We have contacted union leaders with the intent of starting such discussions quickly, to provide greater certainty to all newsroom staff.  

What do I mean by the direction of the business? You all read the industry news that I read, and just a couple of weeks ago Torstar announced its latest financial results. There is continuing pressure on print advertising revenue … across Canada, the U.S. and Europe. Our print audience remains relatively stable and loyal, but advertisers continue to put more and more of their money into digital … mostly Facebook and Google.  

What do I mean by direction of the newsroom? We have to keep rethinking everything we do and how we do it. We have to, and will, keep trying new things. Everyone here agrees with that.  

We launched Touch in September of last year with the aim of building a new digital platform. Following on the success of LaPresse+, from which we borrowed heavily, we sought to offer something that is neither web nor newspaper, rich in interactive content that encourages deep reader engagement.  

We succeeded.  

After a year of running the operation we have a better sense of the resources and revenues required to run Touch and to do so in a financially viable way. Unfortunately, this means we have to reduce the costs. The Star remains committed to Touch.  

Better news:  our digital revenues are growing. Our new mobile site recently doubled its audience, and advertisers are coming to our web, tablet and mobile platforms.  

While the old warhorse of print continues to provide the largest portion of our revenue (this is true of every newspaper I know), digital is clearly our future, and our newsroom will continue to reshape and reorganize around that future.  

The old city and national departments have already morphed into what they are today led by Wendy Metcalfe (Beats/Bureaus/Columns). We will move shortly to separate areas for Breaking News/Digital and for Projects/Features, and, after discussions, redeploy staff. As our numbers are reduced, we will focus even more on our key content areas: Toronto news, breaking news, investigations, co-pro projects, and accountability journalism.  

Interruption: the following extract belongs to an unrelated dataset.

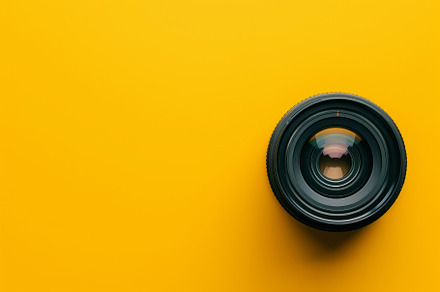 A close-up view of a camera lens res, a Photo by Tanuart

For now, departments such as Business, Sports, Photo, Entertainment, Life, Special Sections will remain outside these three groups.  

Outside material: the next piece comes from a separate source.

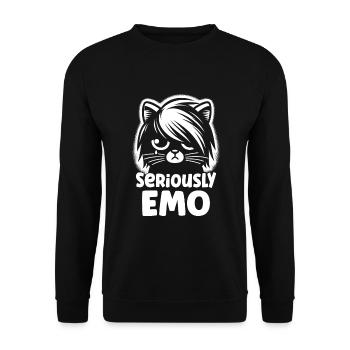 Emo Cat Design Für Gothische Katzenliebhaber Und - Unisex Pullover - Schwarz - Vorne - Alina (178cm) & Michal (187cm)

Everyone should understand that most, if not all, core newsroom jobs will be affected by these changes. Everyone will be invited to participate in the re-shaping.   

Where does this leave us? Well, a newspaper-watcher commenting on the hollowing-out of many newsrooms wrote recently about “churnalism” and the procurement of “oven-ready copy”…  

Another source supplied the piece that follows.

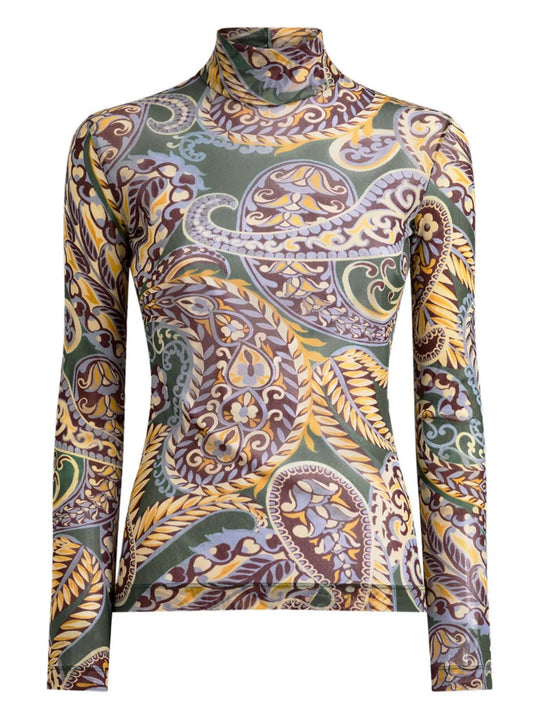 High-Neck Top With Paisley Pattern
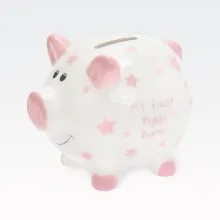 Hranilnik, pujsek, za rojstvo, "MY FIRST PIGGY BANK", belo/roza, kitajski porcelan, 10x13.5cm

“… space in newspapers can be filled. The end result … lacks any real value. It is not journalism. It is pointless material without any public benefit.”  

We’re not going there. We will keep to the Star’s conviction and direction.  

Several disciplines link together to produce Star journalism, but our reporters are the tip of the spear. 

The Star has had a long and noble presence in Toronto. It has always had a large staff of reporters whose talent matched the paper’s ambition — that staff brought honour and success to our paper, and continues to do so.  

Yes, gaps have appeared from those dozens of reporters who took the various buyouts. We’re a smaller team now.  

But yes, we still have big journalistic ambition … and we still have plenty of talent to fulfil that.  

Torstar Chair John Honderich said during deliberations on these latest changes:   “Nothing can be the way it was. Nothing, that is, but our firm and forever commitment to great journalism and the Atkinson principles.”  

Thank you for the work and the belief that has brought us to where we are today and that will keep Star journalism alive and vibrant. Hundreds, maybe thousands, of journalists were in this newsroom before us, building and shaping the Star’s great journalism. If they could see you today, they’d be proud.

Correction: An earlier version of this article said the Toronto Star laid off 60 people. That was an early estimate. The official number of laid off employees is 52.